Some pci-e resources can be useful to just hand over to VM's directly, like GPU's and infiniband networking cards. This article describes the steps necessary to configure pci-passthrough to hand PCI-devices to certain flavors in the openstack cloud.
Enable IOMMU on the compute-node
First vt-d needs to be enabled in the systems BIOS/UEFI menu. This option might be visible, or hidden behind a generic "Enable Virtualization Technologies". Next up is to enable the IOMMU in ubuntu by modifying /etc/default/grub to contain:
GRUB_CMDLINE_LINUX_DEFAULT="intel_iommu=on iommu=pt" GRUB_CMDLINE_LINUX="intel_iommu=on iommu=pt"
Next up is to regenerate initramfs/grubconf:
# update-initramfs -u # grub-mkconfig -o /boot/grub/grub.cfg
After a reboot you should be able to see that the IOMMU is enabled correctly like so:
# dmesg | grep 'IOMMU enabled' [ 0.632907] DMAR: IOMMU enabled [ 0.632954] DMAR: IOMMU enabled
Configure Openstack to know about the PCIe-devices.
The Compute-nodes ned to know what PCI-devices to pass-through to the VM's, and for simplicity sake its convenient to use aliases instead of PCI vendor/device ID's. So first we need to create an alias by adding a key to the global hiera:
nova::pci::aliases: - name: 'p100' vendor_id: '10de' product_id: '15f8' device_type: 'type-PCI' numa_policy: 'preferred'
Next up is to add which devices to pass-through in the node-specific hiera-file for the gpu-node:
ntnuopenstack::nova::compute::providers: - name: "%{::fqdn}" traits: [ 'CUSTOM_COMPUTE_GPU' ] nova::compute::pci::passthrough: - vendor_id: '10de' product_id: '15f8'
Configure host-aggregates to aid in the scheduling.
Openstack itself need to know how to schedule to a certain machine, and how to avoid scheduling to the wrong machine. To help us here we create host-aggregates with the 'node-type' key set to a value that is also reflected in the VM flavors, and thus having the scheduler to only schedule a certain flavor of a VM to a certain sets of host defined in the host-aggregate. For the pass-through of the p100 cards we create a host-aggregate that looks like this:
$ openstack aggregate show gpu-p100 +-------------------+--------------------------------------+ | Field | Value | +-------------------+--------------------------------------+ | availability_zone | None | | created_at | 2024-01-24T09:29:54.000000 | | deleted_at | None | | hosts | gpu-b08-01-34 | | id | 6 | | is_deleted | False | | name | gpu-p100 | | properties | node_type='gpu-p100' | | updated_at | None | | uuid | 5b39a2b5-9edf-41a1-8c02-ca5a03bc9fe7 | +-------------------+--------------------------------------+
The important bits here is to set a certain node-type in the properties, and add the hosts with the PCI-devices in them into the aggregate.

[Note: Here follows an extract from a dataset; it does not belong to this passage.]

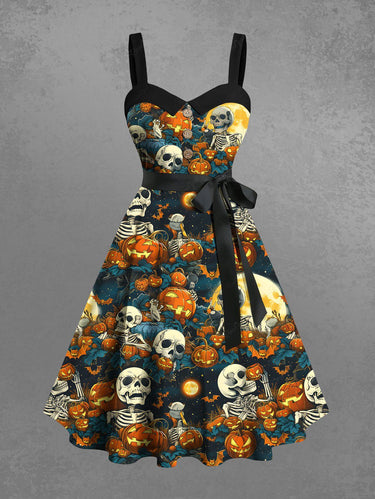 Gothic Plus Size Halloween Pumpkin Skulls Skeleton Moon Leaf Print Buttons Turn Down Collar Dress With Belt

Create a flavor with PCI-e devices attached
Flavors are easiest created using our flavoradmin-scripts. For the p100-cards in this example the flavors might look like this:
[ { "Name": "dx2.6c50r.p100", "CPU": "6", "RAM": "51200", "Disk": "40", "hw:cpu_cores": 6, "hw:cpu_sockets": 1, "hw:cpu_threads": 1, "quota:disk_read_iops_sec": 300, "quota:disk_write_iops_sec": 300, "hw_rng:allowed": true, "hw_rng:rate_bytes": 24, "hw_rng:rate_period": 5000, "aggregate_instance_extra_specs:node_type": "gpu-p100", "pci_passthrough:alias": "p100:1", "visibility": "private" }, { "Name": "dx2.12c100r.2p100", "CPU": "12", "RAM": "102400", "Disk": "40", "hw:cpu_cores": 12, "hw:cpu_sockets": 2, "hw:cpu_threads": 1, "quota:disk_read_iops_sec": 300, "quota:disk_write_iops_sec": 300, "hw_rng:allowed": true, "hw_rng:rate_bytes": 24, "hw_rng:rate_period": 5000, "aggregate_instance_extra_specs:node_type": "gpu-p100", "pci_passthrough:alias": "p100:2", "visibility": "private" } ]
Verify that it works
Create a VM, and see that it got the PCI-device:
$ lspci | grep NVIDIA 00:05.0 3D controller: NVIDIA Corporation GP100GL [Tesla P100 PCIe 16GB] (rev a1)